# Flatband Ergo in Dogwood



## Screwdriver (May 31, 2011)

I emailed Gary Flatband Miller and asked what woods he had...He replied "I also have a very rare one I did from a blank of Dogwood. Very difficult to get a board from Dogwood because the tree doesn't grow that thick or big. It was a favorite wood for slingshots with the southern guys." So I ordered it and got it in the mail the last Thursday.

Man O Mighty......is this a beautiful piece of wood.







. Came in the typical high quality Flatband finish and a set of .30 bands with his pouch design. Btw, the pouch pretty much kicks ass! Centering the ammo is supper easy.
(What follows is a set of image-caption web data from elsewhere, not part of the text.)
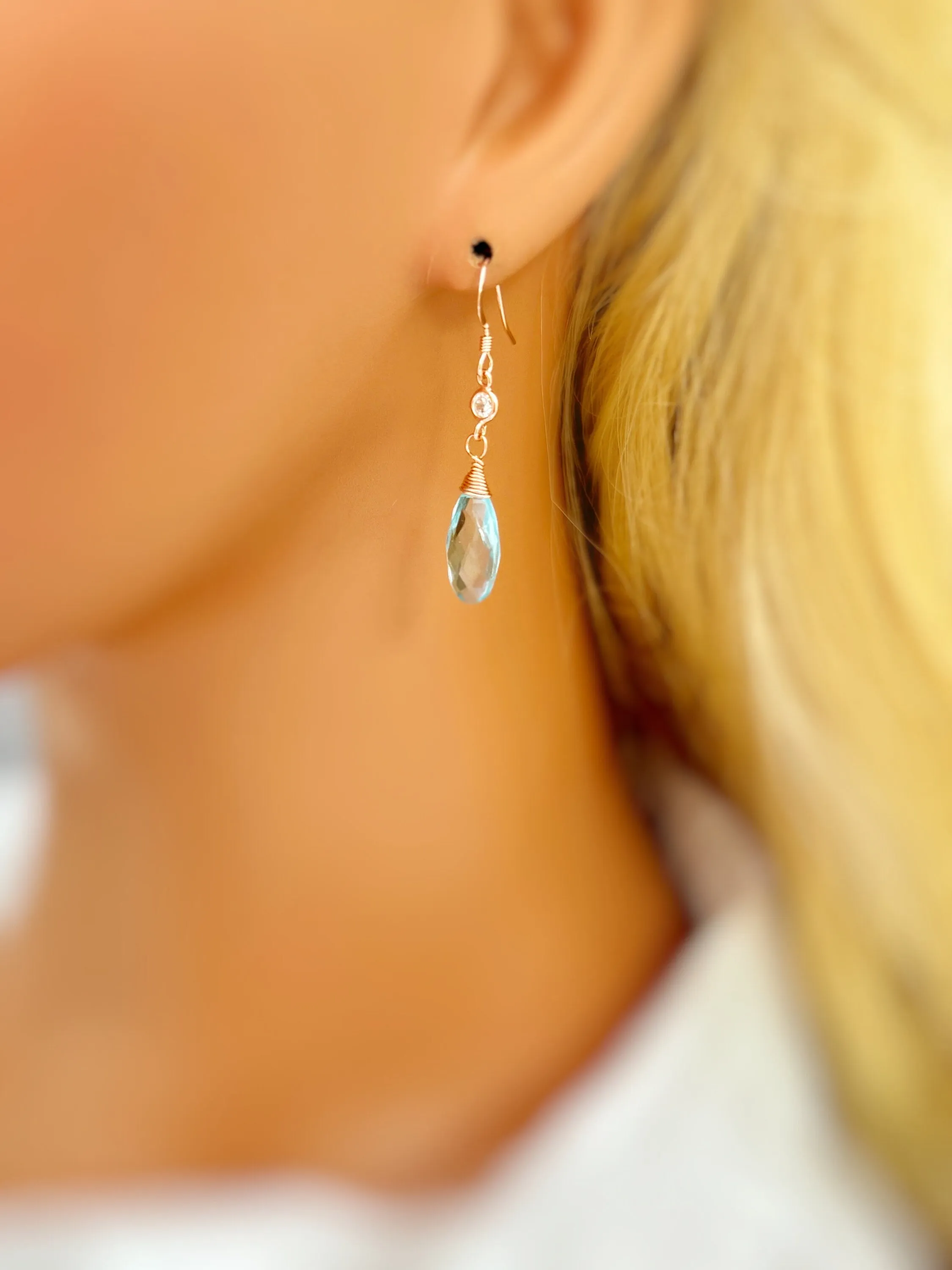 Aquamarine and Crystal Earrings dangle, Rose Gold, Gold, Silver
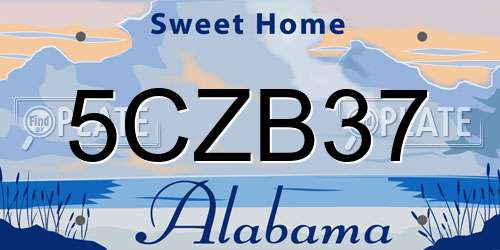 5CZB37 Alabama License Plate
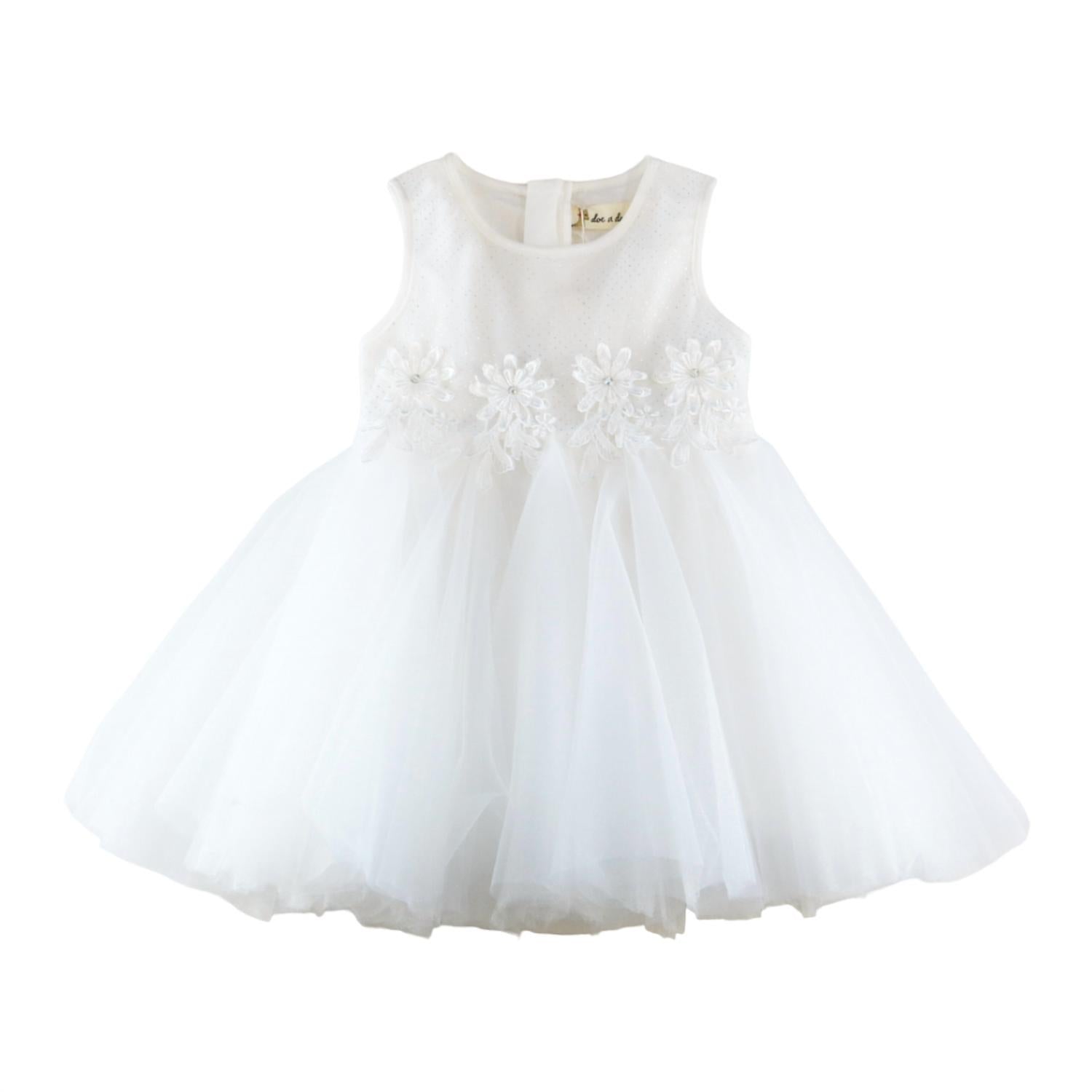 Doe A Dear - Girls Floral Embroidered Sheer Dress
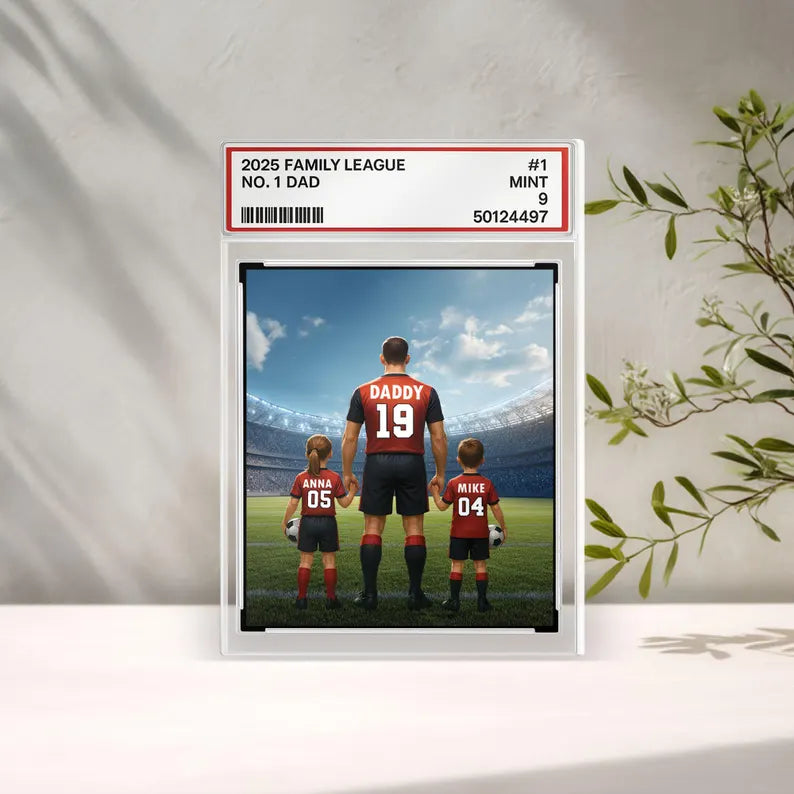 Personalized Soccer Gift for Dad and Kids,Custom Acrylic Block with Names & Jerseys,Father’s Day Sports Keepsake for Daddy 2025,Gift For Dad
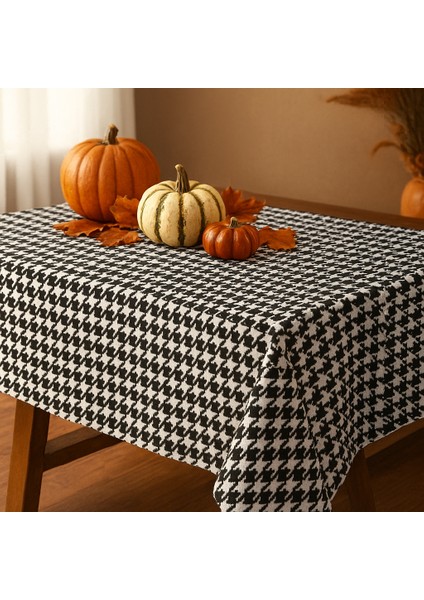Kazayağı Desenli Duck Kumaş Masa Örtüsü – 120×160 cm | Siyah Beyaz Modern Masa Dekoru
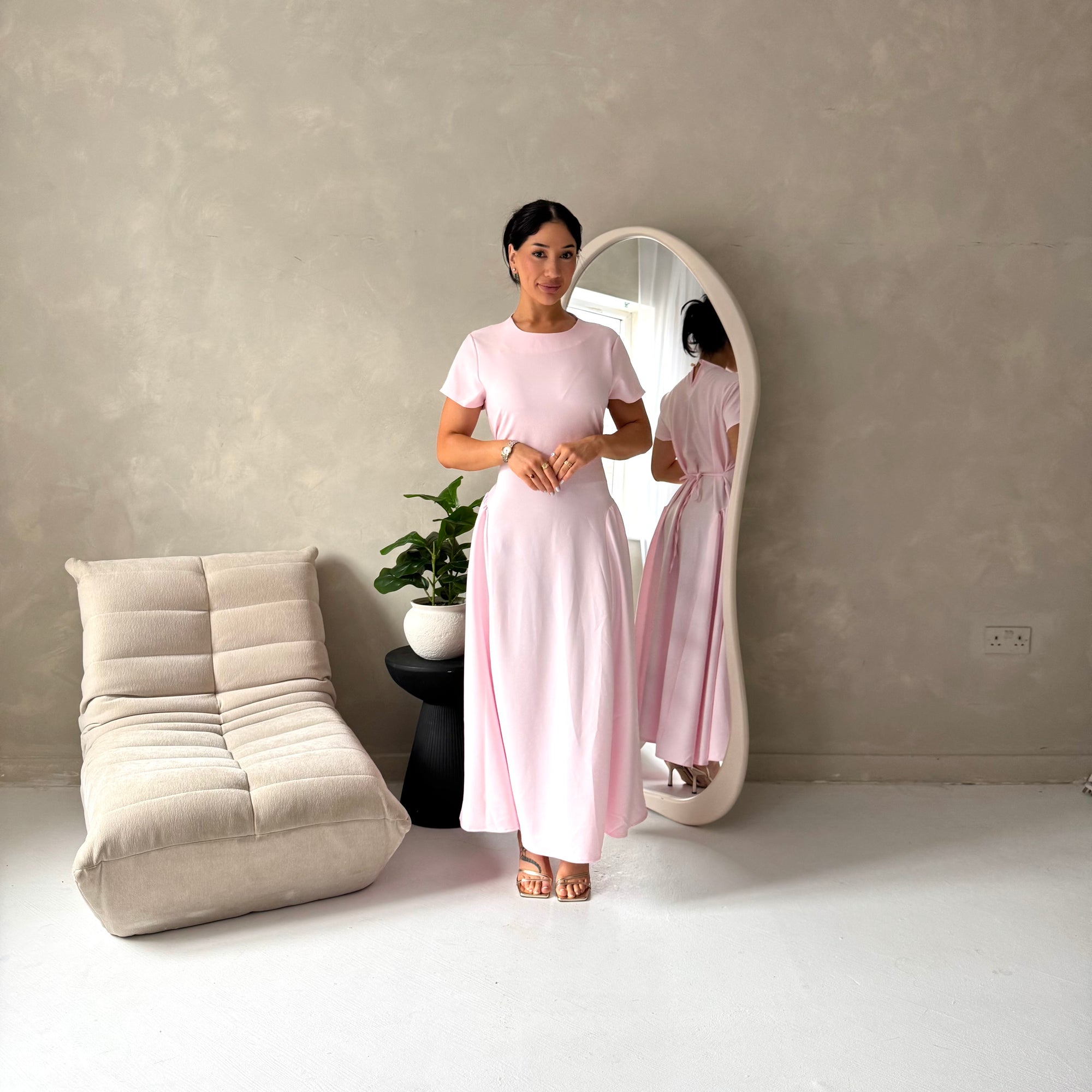 short light pink summer dress Light Pink Butterfly Short Dress With Long Sleeves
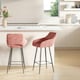 image 2 of HOMCOM Bar Stools Set of 2, Velvet-Touch Fabric Counter Height Bar Chairs Pink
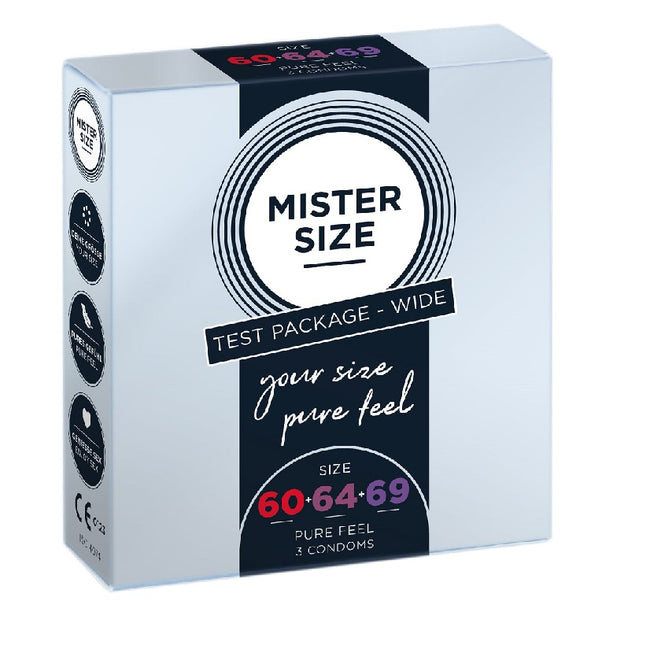 Mister Size Condoms prezerwatywy dopasowane do rozmiaru 60mm 64mm 69mm 3szt.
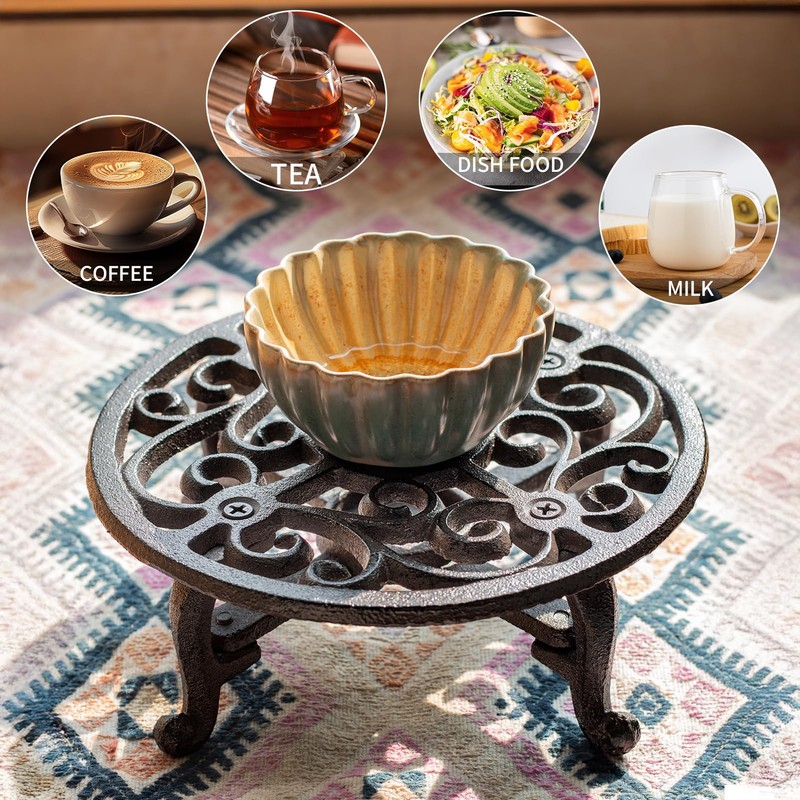 7 Inches Cast Iron Teapot Warmer Dish Cups Trivet,Round-Shaped Design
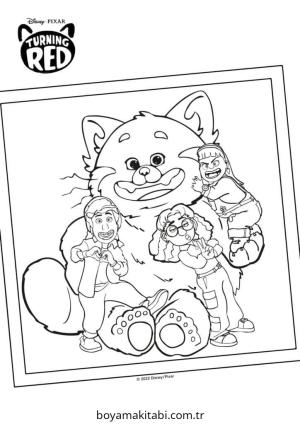 Turning Red boyama sayfası – eğlenceli etkinlik, el becerilerini geliştirir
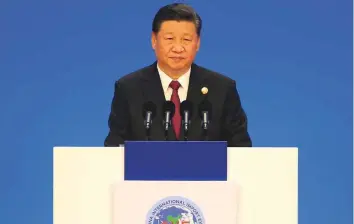  ?? Reuters ?? Chinese President Xi Jinping during the opening ceremony for the first China Internatio­nal Import Expo (CIIE) in Shanghai, China, yesterday.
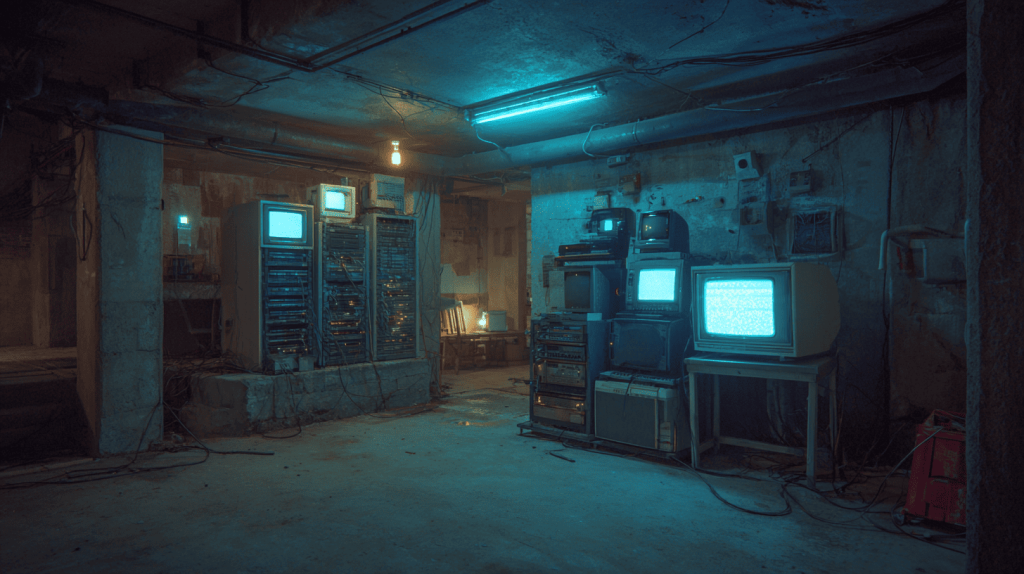 Underground bunker filled with old computer servers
Anyhow....Gary is the man. Great to deal with and his slingshots are a work of American handmade art.......


----------



## spanky (May 29, 2011)

You are a lucky bloke-stunning slingshot.


----------



## e~shot (Jun 3, 2010)

Wow, that is nice piece of work by Gary


----------



## mckee (Oct 28, 2010)

very nice piece!


----------



## Tex-Shooter (Dec 17, 2009)

Very pretty! I always wanted to try Sassafras wood! -- Tex


----------



## Classic Slingshot (Apr 27, 2011)

very nice slingshot good job.


----------



## Dayhiker (Mar 13, 2010)

I'm jealous.







That is one heck of a slingshot!


----------